High-Dimensional Distributed Indexing Based on Locality-Sensitive Hashing

LIN Chaohui1, YU Junqing1,2+, HE Yunfeng1, GUAN Tao1, AI Liefu1   

  1. 1. School of Computer Science and Technology, Huazhong University of Science and Technology, Wuhan 430074, China
    2. Center of Network and Computation, Huazhong University of Science and Technology, Wuhan 430074, China
  • Online:2013-09-01 Published:2013-09-04

摘要: 为了解决基于内容的图像检索中存在的索引存储量大和构建索引计算开销大等问题,在系统地分析局部敏感哈希索引算法及Hadoop分布式系统的基础上,改进了现有高维索引计算模型和索引结构方法。
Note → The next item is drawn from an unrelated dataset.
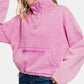 Zenana Acid Wash Fleece Half Snap Sweatshirt with Pocket - Farnelli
根据局部敏感哈希索引的特点,将现有局部敏感哈希索引改为松耦合的索引结构,将索引文件分布式部署在多个查询节点中实现了高并发的索引查询。通过MapReduce分布式计算模型实现了索引的并行构造,提高了索引构造的效率,并采用分布式数据库存储海量高维索引数据,增强了系统可扩展性。实验结果表明,该算法具有一定的可行性。
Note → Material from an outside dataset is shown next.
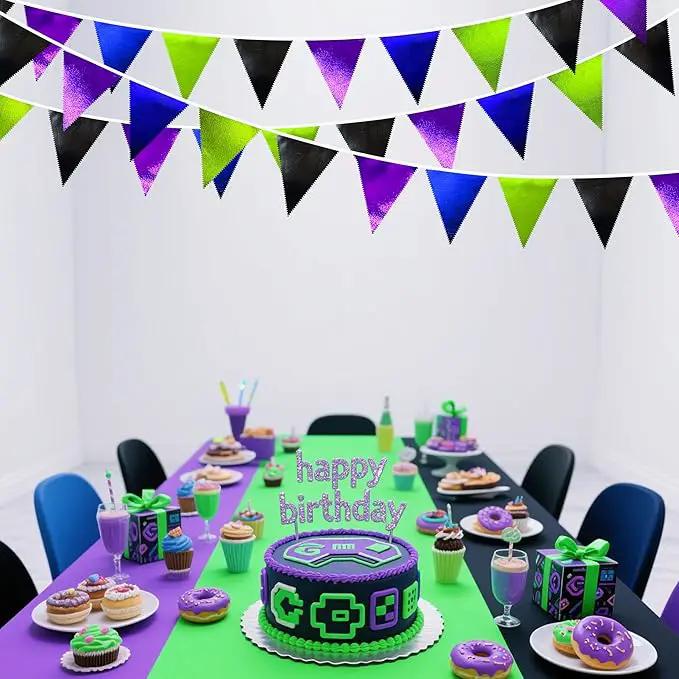Video Game Party Decorations Black Blue Green Purple Metallic Fabric Triangle Pennant Banner Flag Bunting for Men Boys Birthday Graduations Retirement Wedding Bachelorette Video Game Party Supplies by GreenHaven Gardens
关键词: 局部敏感哈希, 分布式索引, 基于内容图像检索

Abstract: To overcome the problems of high memory consumption and computational overhead of high-dimensional indexing in content-based image search engine, the locality-sensitive hashing (LSH) index and Hadoop can be combined to improve the performance of the index architecture and computational model. According to the features of LSH index, the structure of LSH index is modified to a loosely coupled structure, and the index files are deployed in the distributed query nodes for high concurrency index-guery. The MapReduce distributed computational model is used in index constructing process to improve the efficiency of high-dimensional index creation. Besides, the distributed database is used to store large amounts of high-dimensional index data, which enhances the system’s scalability. The experimental results show that the proposed methods are reasonable.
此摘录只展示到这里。